Read the records below and report each line in which "Slide" occurs.

(Provided data begins)

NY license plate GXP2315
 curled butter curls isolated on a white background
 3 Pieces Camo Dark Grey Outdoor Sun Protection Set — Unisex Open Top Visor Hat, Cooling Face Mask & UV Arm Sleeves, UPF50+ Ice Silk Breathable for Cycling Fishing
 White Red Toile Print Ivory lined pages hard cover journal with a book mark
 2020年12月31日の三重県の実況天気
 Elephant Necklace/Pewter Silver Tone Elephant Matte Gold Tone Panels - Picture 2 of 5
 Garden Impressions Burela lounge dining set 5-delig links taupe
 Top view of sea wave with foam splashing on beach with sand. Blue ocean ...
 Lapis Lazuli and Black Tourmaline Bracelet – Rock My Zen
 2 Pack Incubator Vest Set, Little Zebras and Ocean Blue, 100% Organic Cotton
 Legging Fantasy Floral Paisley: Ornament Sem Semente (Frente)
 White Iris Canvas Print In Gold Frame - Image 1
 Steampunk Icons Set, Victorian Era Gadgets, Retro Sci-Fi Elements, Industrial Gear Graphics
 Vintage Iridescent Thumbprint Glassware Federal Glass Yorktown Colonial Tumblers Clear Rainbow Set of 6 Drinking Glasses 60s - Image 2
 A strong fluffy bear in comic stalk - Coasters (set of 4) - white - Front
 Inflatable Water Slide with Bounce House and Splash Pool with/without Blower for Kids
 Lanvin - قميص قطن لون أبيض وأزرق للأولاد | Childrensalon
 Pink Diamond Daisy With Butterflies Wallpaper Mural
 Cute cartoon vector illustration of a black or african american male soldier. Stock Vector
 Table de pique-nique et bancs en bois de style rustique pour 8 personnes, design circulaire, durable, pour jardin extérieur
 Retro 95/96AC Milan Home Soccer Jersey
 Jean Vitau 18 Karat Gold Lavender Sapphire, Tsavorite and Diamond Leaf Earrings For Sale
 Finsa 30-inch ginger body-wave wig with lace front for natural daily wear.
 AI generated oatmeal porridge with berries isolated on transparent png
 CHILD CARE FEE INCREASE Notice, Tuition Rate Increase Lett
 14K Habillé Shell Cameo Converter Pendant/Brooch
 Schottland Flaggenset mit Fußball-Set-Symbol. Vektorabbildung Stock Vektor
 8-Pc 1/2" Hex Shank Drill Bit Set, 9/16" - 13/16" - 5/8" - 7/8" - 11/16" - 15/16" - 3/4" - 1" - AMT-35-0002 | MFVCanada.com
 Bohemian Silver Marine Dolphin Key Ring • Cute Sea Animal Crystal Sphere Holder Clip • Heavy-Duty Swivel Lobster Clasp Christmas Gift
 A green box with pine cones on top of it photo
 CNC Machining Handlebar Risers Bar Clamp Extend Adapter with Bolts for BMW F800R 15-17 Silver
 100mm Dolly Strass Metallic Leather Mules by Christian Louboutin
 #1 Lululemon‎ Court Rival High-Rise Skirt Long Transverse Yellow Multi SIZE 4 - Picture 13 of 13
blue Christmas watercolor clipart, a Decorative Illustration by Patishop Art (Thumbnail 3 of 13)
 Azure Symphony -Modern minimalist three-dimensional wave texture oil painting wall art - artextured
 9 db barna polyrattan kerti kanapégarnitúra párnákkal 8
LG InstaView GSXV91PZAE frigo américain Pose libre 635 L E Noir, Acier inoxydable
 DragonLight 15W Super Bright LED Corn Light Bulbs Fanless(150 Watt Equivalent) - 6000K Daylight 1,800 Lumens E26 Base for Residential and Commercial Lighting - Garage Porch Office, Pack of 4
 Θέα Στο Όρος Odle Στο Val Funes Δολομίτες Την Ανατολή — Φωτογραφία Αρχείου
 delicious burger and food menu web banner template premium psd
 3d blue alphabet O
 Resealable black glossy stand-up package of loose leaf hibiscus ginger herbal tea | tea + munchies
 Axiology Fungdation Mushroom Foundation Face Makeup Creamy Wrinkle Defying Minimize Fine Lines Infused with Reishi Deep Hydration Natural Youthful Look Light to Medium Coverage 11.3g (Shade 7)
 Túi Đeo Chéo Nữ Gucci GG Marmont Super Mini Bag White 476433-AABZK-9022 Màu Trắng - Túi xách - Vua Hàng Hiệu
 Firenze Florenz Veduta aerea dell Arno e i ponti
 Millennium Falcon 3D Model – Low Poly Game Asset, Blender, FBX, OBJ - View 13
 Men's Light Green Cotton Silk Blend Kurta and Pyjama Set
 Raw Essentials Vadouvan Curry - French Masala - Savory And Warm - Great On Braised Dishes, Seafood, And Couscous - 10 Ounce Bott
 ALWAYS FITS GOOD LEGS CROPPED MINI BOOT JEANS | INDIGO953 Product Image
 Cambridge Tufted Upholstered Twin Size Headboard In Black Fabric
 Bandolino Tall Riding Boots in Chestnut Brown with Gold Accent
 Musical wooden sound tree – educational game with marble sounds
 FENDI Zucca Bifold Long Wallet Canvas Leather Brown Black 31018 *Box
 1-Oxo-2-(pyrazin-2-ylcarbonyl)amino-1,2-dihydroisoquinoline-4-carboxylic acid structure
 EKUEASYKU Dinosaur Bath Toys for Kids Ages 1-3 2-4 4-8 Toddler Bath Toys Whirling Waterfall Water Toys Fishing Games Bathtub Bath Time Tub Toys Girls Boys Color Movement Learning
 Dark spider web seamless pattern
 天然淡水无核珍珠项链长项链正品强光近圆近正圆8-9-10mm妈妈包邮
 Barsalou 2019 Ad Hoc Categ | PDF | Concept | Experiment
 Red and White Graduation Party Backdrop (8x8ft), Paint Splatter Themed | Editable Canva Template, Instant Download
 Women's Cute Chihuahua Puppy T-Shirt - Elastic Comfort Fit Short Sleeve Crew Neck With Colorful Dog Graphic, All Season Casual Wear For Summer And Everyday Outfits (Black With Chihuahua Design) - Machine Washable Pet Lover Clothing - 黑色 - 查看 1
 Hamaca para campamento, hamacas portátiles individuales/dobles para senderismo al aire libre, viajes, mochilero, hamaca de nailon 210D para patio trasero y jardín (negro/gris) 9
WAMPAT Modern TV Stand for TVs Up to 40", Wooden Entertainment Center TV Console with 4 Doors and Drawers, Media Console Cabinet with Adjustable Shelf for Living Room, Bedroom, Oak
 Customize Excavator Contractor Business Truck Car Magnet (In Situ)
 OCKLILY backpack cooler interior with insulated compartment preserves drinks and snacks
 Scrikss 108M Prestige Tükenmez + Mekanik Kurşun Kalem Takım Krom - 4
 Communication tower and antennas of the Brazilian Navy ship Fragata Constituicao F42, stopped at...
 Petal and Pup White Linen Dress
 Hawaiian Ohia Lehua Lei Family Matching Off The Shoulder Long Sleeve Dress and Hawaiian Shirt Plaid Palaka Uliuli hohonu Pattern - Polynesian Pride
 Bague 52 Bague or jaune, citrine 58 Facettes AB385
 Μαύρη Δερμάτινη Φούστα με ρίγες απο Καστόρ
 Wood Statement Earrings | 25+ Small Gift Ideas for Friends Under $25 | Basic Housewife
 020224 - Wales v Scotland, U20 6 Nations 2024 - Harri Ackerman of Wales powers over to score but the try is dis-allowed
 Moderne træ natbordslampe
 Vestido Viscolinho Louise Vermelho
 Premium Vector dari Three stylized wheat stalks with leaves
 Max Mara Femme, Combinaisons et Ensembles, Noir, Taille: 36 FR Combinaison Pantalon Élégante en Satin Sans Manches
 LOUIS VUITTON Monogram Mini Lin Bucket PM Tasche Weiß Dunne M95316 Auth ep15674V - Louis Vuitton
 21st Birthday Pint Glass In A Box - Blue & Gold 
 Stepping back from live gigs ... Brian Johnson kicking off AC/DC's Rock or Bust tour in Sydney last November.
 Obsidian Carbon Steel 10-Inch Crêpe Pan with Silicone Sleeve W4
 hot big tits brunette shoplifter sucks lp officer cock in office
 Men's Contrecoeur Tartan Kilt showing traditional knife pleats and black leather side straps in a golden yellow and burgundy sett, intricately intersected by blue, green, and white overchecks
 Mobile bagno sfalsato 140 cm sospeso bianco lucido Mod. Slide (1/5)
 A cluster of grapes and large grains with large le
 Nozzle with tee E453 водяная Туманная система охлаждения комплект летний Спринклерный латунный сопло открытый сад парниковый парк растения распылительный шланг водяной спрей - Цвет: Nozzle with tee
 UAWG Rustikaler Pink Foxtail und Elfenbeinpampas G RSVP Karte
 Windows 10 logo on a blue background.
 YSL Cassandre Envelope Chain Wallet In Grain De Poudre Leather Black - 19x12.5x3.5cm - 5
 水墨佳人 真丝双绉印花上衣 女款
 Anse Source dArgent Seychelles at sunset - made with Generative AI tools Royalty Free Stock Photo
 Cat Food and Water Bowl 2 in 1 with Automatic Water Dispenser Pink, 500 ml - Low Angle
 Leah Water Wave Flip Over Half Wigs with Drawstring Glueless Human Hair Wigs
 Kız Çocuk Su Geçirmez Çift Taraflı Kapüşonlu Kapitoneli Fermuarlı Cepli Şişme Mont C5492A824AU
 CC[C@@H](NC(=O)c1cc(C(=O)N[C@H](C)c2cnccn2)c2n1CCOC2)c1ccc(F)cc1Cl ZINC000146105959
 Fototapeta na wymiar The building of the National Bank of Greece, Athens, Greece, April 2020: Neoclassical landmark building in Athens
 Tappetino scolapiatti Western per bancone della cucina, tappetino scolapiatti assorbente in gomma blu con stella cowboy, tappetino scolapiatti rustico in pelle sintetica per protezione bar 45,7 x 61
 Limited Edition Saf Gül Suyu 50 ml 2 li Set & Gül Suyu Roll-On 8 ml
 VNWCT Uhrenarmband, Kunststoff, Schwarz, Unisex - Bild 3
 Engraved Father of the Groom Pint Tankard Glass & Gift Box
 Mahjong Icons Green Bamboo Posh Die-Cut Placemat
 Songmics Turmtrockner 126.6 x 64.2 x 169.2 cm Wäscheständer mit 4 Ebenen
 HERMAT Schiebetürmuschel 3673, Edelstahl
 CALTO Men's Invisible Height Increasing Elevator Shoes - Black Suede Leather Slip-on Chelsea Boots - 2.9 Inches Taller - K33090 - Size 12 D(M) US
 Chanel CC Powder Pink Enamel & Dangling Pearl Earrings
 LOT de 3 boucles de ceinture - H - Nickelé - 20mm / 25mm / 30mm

(Provided data ends)

● **Exercise answer**
 Inflatable Water Slide with Bounce House and Splash Pool with/without Blower for Kids
 Mobile bagno sfalsato 140 cm sospeso bianco lucido Mod. Slide (1/5)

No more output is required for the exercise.